The Saker interviewe Michael Hudson


Par The Saker − Le 18 octobre 2019 − Source thesaker .is

2015-09-15_13h17_31-150x112The Saker : la propagande américaine prétend souvent que les trois États baltes sont un véritable succès économique, tout comme la Pologne. Cette croyance a-t-elle une base factuelle ? Au début, il semblait que ces États connaissaient une croissance, mais celle-ci n’est-elle pas principalement, voire entièrement,  dûe aux subventions de l’UE, du FMI et des États-Unis ? En ce qui concerne de plus près les trois États baltes, et particulièrement la Lettonie, il s’agissait de républiques soviétiques «vitrines», dotées d’un niveau de vie élevé – du moins par rapport aux autres républiques soviétiques – et de nombreuses industries de haute technologie – y compris des contrats d’armement. Pourriez-vous nous décrire ce qui est vraiment arrivé à ces économies après l’indépendance ? Comment ont-ils « réformé » leurs économies en passant d’une économie ex-soviétique à une économie « libérale » moderne ?

Avant propos : 

J'ai récemment parlé à un membre de ma famille qui, en raison de son exposition constante et volontaire aux médias anglo-sionistes traditionnels, croyait sincèrement que les trois États baltes et la Pologne avaient connu une sorte de renaissance économique et culturelle merveilleuse et quasi miraculeuse grâce à leur rupture résolue avec le passé prétendument horrible des Soviétiques et leur soumission totale à l’Empire depuis. En l'écoutant, je me suis dit que ce genre de délire était probablement courant chez ceux qui sont toujours attentif et croient même à la propagande officielle. J'ai donc demandé à Michael Hudson, que je considère comme le meilleur des économistes américains actuels, qui a étudié les pays baltes en détail, de répondre à quelques questions fondamentales, ce qu'il a gentiment accepté, malgré un agenda chargé. Encore une fois, je tiens à le remercier sincèrement pour son temps, son soutien et son expertise.

The Saker

Michael Hudson : C’est une question piège, car tout dépend de ce que vous entendez par «succès».

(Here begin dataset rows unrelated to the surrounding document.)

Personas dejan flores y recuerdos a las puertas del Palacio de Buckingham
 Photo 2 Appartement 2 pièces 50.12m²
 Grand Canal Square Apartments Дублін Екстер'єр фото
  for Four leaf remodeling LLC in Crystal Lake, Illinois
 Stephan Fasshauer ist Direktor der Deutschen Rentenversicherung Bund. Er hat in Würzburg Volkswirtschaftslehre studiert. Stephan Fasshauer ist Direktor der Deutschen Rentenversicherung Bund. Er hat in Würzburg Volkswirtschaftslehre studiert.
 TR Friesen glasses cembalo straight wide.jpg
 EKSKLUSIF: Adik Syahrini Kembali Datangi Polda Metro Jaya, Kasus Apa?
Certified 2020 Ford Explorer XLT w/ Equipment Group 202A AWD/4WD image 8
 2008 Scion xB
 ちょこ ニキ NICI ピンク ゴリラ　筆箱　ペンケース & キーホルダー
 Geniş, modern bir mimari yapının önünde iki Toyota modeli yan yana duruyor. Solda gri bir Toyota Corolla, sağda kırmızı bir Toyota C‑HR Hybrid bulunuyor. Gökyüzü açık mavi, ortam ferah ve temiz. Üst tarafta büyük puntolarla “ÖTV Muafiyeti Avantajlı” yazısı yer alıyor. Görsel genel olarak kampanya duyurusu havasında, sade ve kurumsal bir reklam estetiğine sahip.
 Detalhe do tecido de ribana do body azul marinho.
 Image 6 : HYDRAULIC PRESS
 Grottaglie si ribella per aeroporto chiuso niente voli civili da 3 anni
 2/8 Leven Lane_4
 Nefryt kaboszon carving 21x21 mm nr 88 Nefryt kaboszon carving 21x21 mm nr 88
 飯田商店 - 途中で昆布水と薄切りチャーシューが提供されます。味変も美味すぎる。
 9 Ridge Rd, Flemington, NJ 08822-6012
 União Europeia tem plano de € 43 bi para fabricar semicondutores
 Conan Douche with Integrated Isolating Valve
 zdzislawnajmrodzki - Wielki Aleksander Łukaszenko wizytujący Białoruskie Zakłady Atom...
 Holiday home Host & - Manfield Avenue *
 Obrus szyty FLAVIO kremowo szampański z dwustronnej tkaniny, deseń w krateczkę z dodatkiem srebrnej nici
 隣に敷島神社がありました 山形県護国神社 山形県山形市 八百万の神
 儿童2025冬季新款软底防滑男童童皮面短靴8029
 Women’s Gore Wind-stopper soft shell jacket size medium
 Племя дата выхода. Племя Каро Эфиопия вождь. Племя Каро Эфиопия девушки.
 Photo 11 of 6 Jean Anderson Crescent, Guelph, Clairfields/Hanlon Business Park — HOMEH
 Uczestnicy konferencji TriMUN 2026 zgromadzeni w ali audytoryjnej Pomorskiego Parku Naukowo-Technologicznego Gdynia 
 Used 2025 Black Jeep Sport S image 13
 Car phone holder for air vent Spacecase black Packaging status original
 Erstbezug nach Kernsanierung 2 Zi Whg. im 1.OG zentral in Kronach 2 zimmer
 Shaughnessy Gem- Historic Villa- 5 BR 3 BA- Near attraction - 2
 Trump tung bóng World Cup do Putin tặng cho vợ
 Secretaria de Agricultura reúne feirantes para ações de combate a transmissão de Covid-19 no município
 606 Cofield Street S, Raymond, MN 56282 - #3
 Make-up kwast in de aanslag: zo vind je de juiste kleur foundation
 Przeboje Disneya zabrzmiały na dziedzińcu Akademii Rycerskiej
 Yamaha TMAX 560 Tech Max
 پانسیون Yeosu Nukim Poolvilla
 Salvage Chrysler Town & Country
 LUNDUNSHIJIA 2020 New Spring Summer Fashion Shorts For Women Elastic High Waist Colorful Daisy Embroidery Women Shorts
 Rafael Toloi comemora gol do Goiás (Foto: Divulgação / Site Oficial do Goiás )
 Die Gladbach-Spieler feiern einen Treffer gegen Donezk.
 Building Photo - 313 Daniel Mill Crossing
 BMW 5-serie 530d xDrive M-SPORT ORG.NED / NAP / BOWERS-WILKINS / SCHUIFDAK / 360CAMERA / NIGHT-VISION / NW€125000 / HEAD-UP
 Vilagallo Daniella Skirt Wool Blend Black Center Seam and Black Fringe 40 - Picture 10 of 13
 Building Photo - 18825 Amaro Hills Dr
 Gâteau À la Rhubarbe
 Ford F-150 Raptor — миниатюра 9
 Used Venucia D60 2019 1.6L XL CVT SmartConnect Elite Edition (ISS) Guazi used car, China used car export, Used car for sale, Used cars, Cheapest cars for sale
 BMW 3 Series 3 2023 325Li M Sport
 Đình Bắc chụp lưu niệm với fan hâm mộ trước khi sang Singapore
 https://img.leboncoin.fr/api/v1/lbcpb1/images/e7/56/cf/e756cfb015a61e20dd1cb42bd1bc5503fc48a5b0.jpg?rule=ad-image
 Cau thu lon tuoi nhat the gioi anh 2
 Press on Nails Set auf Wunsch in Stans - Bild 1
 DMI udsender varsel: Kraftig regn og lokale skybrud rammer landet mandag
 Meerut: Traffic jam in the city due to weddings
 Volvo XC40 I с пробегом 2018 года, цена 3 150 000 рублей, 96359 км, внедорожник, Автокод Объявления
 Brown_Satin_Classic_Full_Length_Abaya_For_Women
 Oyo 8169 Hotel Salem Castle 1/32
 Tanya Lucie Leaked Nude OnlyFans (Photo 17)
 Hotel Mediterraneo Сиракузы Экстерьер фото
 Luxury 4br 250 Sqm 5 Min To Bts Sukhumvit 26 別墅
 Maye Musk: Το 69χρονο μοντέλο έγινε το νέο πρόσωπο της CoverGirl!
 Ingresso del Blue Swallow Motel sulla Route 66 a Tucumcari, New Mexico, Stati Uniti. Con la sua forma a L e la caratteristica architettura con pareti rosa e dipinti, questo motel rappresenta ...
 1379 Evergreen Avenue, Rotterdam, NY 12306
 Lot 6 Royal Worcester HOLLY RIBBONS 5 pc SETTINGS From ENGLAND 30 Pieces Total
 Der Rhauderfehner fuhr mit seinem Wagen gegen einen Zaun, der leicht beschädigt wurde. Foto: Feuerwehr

Le néolibéralisme post-soviétique a été un grand succès pour les kleptocrates au sommet du pouvoir. Ils se sont approprié le domaine public, depuis les industries clés jusqu’aux biens immobiliers de valeur. Mais les Baltes ont en grande partie laissé leurs industries soviétiques s’effondrer, ne faisant aucun effort pour les sauver ou les réorganiser.

Le gros du problème, bien sûr, était que tous les liens avec l’industrie de l’époque soviétique étaient rompus lors de la dissolution de l’Union soviétique. Avec la disparition de leurs fournisseurs et de leurs marchés finaux, de la Russie à l’Asie centrale, les économies baltes ont dû tout recommencer – avec une politique fiscale très à droite et aucune aide du gouvernement, le gouvernement lui-même ayant été privatisé entre les mains d’anciens apparatchiks et de prédateurs.

La Lituanie a été légèrement meilleure dans sa politique industrielle. L’adhésion à l’UE et à l’OTAN en 2004, ainsi que les facilités de crédit, ont déclenché des bulles immobilières dans les pays baltes, largement gonflées par les banques suédoises qui ont profité de ces pays, dépourvus de leurs propres banques ou de la création de crédits publics. Le krach de 2008 qui en est résulté était les plus importants au monde en pourcentage du PIB, la Lettonie ayant subi la plus forte contraction du monde.

Les conseillers occidentaux néolibéraux qui ont pris le contrôle de ces économies – comme si c’était la seule alternative à la bureaucratie soviétique – ont imposé des programmes d’austérité écrasants pour rétablir la «stabilité» macroéconomique, c’est-à-dire la sécurité des terres et des infrastructures dont ils s’étaient emparés. Cela a été applaudi par les banquiers européens, qui pensaient que les Baltes avaient découvert une recette viable permettant aux gouvernements de conserver le pouvoir, malgré l’austérité, dans une apparence de démocratie. Ces politiques auraient effondré des gouvernements n’importe où ailleurs, mais la capacité d’émigrer, ainsi que les divisions ethniques contre les russophones, ont permis à ces gouvernements de survivre.

C’est une situation historiquement spécifique, mais les banquiers européens la proposent comme un modèle généralisé. L’INET de George Soros et ses institutions de premier plan associées ont été les premiers à subventionner cette financiarisation prédatrice. Le résultat a été un exode massif de personnes en âge de travailler en Lituanie et en Lettonie.  Les Estoniens se rendent simplement en Finlande. En même temps, leurs économies sont soutenues par les prêts des banques étrangères, qui rapportent des bénéfices à leurs pays d’origine et peuvent être inversés à tout moment.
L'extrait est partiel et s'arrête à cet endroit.